[From Rick Marken (941117.1615)]

Bruce Abbott (941116.1330) --

Now you've got me explaining subtraction. Let's say dNut = 3.5 before a

tumble and dNut = 2.5 (still positive) after a tumble. Then:

Try THAT definition and see what happens to your probabilities...

Bravo! You seem to have found a reinforcement model that works -- that is,

controls. If you consider the difference between dNut before the tumble

(dNutB) and dNut after the tumble (dNutA) to be the reinforcer (and it is,

indeed, a consequence of tumbling) then dNutA-dNutB will tend to be negative

(punishing) when you have been moving up the gradient and positive

(rewarding) when you have been moving down it. So the reinforcer,

dNutA-dNutB, can be used to alter the probability of tumbling when going up

or down the gradient; the result will be to delay the tumbles appropriately,

depending on whether E. coli is going up or down the gradient; so there will

be control - - that is, E. coli will make it to (and remain at) the maximum

point of the nutrient gradient.

You have apparently done something that I claimed was impossible -- you seem

to have implemented a control system using reinforcement theory. If your

model is indeed a reinforcement model AND it controls, then I was wrong to

say that PCT and reinforcement theory are NOT alternative theories of the

same phenomenon -- control.

I am prepared to concede that your model is a reinforcement model. Now the

question is "does it really control"? That is, does it keep the time integral

of the perceived gradient (dNut) at som default reference level despite

disturbances? One disturbance that might cause problems for your model is a

change in the conditional probability of the angular result of a tumble given

the gradient before the tumble (dNutB). Your model works when all angles are

always equally probable after a tumble; that is, when p(angle|dNutB>0) =

p(angle|dNutB<=0) = 1/360. However, it doesn't work (it produces a random

walk instead of control) when p(angle>180|dNutB>0)=1.0 and

p(angle>180|dNutB<=0) = 0. In this case, a tumble that occurs when you

are moving up the gradient (dNutB>0) is guaranteed to be between 180 and 360

degrees; a tumble that occurs when you are moving down the gradient (dNut<=0)

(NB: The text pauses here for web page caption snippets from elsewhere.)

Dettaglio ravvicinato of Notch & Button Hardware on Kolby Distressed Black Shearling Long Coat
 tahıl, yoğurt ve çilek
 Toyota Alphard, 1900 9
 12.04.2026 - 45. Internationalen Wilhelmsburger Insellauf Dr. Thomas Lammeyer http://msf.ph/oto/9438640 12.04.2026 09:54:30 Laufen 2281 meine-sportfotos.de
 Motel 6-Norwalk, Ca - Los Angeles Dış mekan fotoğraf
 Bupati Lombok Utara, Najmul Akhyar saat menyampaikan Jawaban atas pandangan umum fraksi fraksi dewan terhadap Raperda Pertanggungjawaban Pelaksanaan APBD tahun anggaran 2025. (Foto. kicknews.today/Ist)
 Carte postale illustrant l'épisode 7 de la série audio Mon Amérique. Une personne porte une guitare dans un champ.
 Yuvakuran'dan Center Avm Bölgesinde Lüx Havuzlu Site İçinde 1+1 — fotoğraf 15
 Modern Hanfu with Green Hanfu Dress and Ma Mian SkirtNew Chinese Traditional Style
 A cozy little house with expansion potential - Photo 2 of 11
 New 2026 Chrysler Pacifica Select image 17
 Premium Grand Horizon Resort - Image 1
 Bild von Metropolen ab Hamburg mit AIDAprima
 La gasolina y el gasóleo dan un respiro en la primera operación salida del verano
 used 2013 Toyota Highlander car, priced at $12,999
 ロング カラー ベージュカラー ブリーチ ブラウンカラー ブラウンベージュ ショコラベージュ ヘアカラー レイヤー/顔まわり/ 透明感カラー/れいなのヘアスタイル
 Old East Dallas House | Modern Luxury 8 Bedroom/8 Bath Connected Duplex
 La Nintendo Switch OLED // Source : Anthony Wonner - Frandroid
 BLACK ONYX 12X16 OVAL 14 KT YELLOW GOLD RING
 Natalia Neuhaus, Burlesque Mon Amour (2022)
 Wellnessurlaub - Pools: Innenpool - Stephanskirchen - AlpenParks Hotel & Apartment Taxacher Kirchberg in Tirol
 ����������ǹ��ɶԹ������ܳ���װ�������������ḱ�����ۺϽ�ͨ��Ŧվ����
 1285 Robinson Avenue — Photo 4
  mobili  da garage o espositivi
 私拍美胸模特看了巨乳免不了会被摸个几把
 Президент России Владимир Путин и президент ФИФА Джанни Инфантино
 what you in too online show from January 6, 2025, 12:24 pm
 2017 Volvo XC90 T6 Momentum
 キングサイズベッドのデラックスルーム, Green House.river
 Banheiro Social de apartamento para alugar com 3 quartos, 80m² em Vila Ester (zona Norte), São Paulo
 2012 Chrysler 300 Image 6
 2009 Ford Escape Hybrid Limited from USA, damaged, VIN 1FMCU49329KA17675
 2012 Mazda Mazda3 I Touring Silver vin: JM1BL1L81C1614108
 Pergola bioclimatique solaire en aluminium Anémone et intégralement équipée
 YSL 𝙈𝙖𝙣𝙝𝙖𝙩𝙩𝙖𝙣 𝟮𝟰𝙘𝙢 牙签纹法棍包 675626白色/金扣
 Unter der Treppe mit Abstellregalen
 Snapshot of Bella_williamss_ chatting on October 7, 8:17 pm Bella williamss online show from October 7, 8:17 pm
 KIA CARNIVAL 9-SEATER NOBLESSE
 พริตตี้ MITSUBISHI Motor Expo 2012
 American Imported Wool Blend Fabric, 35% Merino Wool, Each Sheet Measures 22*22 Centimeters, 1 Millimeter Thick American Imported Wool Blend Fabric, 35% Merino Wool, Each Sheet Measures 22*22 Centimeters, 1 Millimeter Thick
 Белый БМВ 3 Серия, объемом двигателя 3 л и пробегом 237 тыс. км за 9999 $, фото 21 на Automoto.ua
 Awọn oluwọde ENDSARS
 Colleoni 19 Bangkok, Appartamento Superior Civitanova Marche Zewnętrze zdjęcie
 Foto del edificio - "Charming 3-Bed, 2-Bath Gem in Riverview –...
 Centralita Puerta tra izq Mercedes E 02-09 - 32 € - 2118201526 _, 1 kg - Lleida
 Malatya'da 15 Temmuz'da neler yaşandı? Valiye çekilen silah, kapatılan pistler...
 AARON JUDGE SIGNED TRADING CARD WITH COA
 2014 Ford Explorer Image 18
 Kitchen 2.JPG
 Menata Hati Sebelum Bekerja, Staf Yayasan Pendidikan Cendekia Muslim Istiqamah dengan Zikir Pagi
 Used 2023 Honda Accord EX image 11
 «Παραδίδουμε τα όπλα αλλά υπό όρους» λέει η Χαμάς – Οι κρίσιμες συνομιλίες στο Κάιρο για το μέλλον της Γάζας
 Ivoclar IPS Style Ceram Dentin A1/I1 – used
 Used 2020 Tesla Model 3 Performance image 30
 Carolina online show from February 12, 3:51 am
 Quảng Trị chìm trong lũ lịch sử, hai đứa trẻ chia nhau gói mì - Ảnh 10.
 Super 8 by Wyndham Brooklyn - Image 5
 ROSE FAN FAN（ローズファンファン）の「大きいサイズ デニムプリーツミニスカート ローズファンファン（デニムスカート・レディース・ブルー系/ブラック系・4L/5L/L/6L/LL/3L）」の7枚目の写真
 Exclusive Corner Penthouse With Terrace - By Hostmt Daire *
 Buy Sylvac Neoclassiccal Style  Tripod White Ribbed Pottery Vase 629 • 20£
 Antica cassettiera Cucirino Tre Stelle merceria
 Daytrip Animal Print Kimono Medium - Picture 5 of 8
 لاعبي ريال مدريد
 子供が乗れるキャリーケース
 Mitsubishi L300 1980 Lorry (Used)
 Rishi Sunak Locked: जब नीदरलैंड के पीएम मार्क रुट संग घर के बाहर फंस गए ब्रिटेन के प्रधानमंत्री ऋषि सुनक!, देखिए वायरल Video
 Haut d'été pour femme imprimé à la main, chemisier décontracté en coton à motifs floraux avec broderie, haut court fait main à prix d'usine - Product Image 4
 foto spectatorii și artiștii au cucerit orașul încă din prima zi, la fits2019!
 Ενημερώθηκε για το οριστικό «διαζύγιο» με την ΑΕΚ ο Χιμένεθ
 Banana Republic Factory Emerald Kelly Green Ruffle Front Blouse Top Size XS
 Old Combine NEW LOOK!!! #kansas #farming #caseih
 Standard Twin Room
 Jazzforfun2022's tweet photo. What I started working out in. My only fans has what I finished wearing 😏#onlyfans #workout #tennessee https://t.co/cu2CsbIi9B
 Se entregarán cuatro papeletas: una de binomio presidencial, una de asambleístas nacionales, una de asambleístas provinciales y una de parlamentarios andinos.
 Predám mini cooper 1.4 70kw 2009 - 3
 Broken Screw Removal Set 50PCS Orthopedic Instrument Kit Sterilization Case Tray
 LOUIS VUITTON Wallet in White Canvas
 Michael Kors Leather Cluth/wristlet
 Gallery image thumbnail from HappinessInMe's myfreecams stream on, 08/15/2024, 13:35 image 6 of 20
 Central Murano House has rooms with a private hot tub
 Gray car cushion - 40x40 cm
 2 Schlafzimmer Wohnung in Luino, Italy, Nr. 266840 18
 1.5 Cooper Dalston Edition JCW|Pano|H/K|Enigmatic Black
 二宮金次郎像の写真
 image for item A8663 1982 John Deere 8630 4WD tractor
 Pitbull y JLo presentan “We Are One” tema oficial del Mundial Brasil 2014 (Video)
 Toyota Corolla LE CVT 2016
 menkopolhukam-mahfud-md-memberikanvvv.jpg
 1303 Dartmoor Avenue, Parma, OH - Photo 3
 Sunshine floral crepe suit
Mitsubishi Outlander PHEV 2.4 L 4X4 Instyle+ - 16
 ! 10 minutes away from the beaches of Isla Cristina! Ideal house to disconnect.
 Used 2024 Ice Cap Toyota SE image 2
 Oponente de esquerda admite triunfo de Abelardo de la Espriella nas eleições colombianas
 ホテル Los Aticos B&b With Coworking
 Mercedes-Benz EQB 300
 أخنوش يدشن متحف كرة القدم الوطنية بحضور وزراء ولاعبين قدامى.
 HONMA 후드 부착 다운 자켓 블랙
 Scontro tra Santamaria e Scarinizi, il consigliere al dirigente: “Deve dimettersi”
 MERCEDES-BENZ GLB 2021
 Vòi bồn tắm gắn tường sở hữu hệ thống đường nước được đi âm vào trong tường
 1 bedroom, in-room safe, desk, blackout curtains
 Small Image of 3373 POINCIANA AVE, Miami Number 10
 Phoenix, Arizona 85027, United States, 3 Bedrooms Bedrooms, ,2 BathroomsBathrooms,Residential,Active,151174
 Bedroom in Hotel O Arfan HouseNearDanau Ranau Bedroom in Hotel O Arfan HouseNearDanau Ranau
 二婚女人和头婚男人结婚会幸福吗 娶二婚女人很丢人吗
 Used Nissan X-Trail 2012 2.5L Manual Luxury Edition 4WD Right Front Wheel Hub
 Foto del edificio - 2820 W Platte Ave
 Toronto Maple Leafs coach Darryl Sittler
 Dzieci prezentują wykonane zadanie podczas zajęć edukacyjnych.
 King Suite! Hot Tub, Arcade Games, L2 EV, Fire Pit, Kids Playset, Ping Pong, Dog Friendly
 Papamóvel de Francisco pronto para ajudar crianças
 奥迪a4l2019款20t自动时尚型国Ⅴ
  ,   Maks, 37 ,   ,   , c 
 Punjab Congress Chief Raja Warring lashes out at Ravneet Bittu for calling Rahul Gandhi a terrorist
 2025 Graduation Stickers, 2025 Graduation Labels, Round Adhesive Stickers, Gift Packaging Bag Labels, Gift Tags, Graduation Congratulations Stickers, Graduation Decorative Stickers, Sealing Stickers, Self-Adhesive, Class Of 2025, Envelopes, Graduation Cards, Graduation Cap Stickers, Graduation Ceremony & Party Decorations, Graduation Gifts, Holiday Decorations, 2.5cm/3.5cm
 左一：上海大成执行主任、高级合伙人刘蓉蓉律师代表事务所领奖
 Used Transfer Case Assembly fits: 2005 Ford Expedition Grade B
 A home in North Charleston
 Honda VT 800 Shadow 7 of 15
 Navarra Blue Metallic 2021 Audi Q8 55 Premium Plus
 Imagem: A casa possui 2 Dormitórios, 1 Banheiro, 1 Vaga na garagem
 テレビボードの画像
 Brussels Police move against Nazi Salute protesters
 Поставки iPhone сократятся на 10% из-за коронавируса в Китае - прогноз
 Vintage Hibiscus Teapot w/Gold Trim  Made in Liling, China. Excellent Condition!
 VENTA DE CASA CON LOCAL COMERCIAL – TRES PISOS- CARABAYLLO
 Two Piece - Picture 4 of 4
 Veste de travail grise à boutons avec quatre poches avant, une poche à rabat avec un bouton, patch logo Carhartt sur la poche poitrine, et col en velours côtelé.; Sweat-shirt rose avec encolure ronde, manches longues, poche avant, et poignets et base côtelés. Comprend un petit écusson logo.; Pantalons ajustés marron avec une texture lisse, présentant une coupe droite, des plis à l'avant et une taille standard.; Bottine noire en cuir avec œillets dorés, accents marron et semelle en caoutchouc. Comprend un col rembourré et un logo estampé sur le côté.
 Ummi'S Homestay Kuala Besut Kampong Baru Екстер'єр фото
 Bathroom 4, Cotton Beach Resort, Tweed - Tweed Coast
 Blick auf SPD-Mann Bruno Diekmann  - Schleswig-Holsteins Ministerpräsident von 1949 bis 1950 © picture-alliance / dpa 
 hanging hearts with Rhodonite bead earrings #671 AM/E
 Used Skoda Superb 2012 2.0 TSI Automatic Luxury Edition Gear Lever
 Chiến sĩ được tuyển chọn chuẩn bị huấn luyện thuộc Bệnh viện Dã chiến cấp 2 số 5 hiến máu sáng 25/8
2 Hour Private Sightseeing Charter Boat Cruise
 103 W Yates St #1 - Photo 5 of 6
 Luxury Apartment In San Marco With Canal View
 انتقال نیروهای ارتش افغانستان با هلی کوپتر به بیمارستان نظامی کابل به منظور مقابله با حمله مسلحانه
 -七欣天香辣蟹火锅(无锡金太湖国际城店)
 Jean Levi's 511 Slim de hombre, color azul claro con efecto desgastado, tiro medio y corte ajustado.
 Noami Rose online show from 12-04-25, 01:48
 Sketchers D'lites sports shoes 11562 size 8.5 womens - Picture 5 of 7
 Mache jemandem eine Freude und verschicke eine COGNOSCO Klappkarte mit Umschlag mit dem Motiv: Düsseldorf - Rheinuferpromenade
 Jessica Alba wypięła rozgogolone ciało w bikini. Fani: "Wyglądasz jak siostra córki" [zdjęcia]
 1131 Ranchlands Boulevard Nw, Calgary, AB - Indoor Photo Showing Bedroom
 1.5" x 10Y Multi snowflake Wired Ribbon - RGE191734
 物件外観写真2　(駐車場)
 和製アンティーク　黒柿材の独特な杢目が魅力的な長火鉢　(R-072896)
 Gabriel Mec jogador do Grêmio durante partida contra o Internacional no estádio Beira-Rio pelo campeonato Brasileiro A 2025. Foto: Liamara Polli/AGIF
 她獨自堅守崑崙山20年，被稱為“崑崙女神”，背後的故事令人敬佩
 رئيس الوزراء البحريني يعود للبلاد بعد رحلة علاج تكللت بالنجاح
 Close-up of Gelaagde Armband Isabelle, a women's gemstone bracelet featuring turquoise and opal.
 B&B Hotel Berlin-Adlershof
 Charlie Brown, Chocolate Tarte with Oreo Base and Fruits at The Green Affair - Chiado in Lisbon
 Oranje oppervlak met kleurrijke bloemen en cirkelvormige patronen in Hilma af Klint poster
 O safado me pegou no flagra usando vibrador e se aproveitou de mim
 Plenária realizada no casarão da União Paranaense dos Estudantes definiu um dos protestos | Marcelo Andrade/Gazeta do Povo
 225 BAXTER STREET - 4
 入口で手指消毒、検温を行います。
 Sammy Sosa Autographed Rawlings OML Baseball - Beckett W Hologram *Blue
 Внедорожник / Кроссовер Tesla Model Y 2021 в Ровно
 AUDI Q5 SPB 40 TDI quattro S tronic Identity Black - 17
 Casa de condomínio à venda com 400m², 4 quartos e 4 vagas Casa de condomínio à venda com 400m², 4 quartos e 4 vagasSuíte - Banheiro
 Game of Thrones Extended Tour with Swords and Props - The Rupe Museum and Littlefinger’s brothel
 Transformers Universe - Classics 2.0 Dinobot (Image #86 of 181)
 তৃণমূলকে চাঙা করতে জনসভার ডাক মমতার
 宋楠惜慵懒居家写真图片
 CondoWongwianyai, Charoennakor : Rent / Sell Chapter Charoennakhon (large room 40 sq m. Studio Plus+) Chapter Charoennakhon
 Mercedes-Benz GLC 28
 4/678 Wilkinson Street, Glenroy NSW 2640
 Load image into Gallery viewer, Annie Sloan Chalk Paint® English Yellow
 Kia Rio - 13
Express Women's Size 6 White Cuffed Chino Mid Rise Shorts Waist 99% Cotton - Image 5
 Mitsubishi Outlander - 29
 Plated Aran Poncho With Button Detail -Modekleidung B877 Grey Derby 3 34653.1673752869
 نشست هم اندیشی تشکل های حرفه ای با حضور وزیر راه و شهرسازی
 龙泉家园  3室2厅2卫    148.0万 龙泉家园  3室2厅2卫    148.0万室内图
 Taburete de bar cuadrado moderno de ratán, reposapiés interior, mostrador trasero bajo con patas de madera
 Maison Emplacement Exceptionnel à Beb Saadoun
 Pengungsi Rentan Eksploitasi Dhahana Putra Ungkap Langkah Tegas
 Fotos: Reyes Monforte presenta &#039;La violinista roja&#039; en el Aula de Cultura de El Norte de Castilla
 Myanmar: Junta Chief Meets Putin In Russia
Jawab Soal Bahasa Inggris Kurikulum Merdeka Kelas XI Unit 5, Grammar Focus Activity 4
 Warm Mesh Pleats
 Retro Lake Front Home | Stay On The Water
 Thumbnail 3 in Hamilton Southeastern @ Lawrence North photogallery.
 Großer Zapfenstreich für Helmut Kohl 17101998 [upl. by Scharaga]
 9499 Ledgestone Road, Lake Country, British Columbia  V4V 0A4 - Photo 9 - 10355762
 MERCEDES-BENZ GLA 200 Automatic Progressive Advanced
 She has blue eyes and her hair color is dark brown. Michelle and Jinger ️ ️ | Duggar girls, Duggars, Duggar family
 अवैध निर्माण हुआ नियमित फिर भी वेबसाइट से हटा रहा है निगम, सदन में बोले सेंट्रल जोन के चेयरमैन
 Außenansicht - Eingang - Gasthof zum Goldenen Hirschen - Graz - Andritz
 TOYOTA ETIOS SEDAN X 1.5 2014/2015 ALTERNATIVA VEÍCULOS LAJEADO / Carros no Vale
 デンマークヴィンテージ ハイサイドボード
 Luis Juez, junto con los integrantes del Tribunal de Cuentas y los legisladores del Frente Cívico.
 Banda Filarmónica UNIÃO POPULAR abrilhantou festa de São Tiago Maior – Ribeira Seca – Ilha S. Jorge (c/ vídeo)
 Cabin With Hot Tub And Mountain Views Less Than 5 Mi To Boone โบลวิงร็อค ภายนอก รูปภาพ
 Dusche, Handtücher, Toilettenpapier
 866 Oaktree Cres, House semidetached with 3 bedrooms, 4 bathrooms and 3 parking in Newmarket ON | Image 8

is guaranteed to be beween 0 and 180 degees. [Other dependencies between

dNutB and angle after a tumble work just as well -- that is, they eliminate

control.] This happens because the angular bias in tumbling eliminates a

"mathematical artifact" from your reinforcement model. The geometry of the

situation (damn geometry!) makes it true that, when all directions of

tumbling are equiprobable, the change in gradient is more likely to be

"worse" after a tumble when going up the gradient and "better" after a tumble

when going down it (assuming that the reference gradient is directly "up").

When the angles after a tumble are not equiprobable, this artifact no longer

exists.

The fact that the reinforcement model no longer controls when the angular

consequences of a tumble are NOT equiprobable shows that your reinforcement

model is not a control model -- it does not control. An actual control model

(and a human control system) have no problem dealing with the changes in

angle probability following a tumble that I described. The control model

simply tumbles when necessary in order to keep dNut positive. Both control

model and person do this even though the probabiliy that a tumble results in

a "worse" gradient is the same whether you tumble when going up or down the

gradient (similarly, the control model and person control even though the

probabiliy that a tumble results in a "better" gradient is the same whether

you tumble when going up or down the gradient).

So why did the reinforcement model seem to produce control in the first

place? The appearance of control was the result of the "mathematical

artifact" - - dNutA- dNutB tends to be, say, "worse" (negative) after a

tumble when going up the the gradient because _when all directions are

equally likely_ there are simply more "wrong" directions than "right" one's

that are available to be taken. This artifact was responsible for the fact

that the probability of a tumble was correctly increased (in response to a

negative gratient) and decreased (in response to a positive one). The result

was the _appearance_ of purposeful motion up the gradient. Once the artifact

is removed, however, the appearance of purpose disappears. It was not the

reinforcement model that was producing control; it was an artifactual

characteristic of the environment that was producing the _appearance_ of

control. Once the artifact is removed, the appearance of control disappears.

Although your reinforcement model does not control, Bruce, it did ruin my day

anyway; it showed that the plain vanilla E. coli demo cannot rule out a

reinforcement model. You found a way of computing reinforcement (dNutA-dNutB)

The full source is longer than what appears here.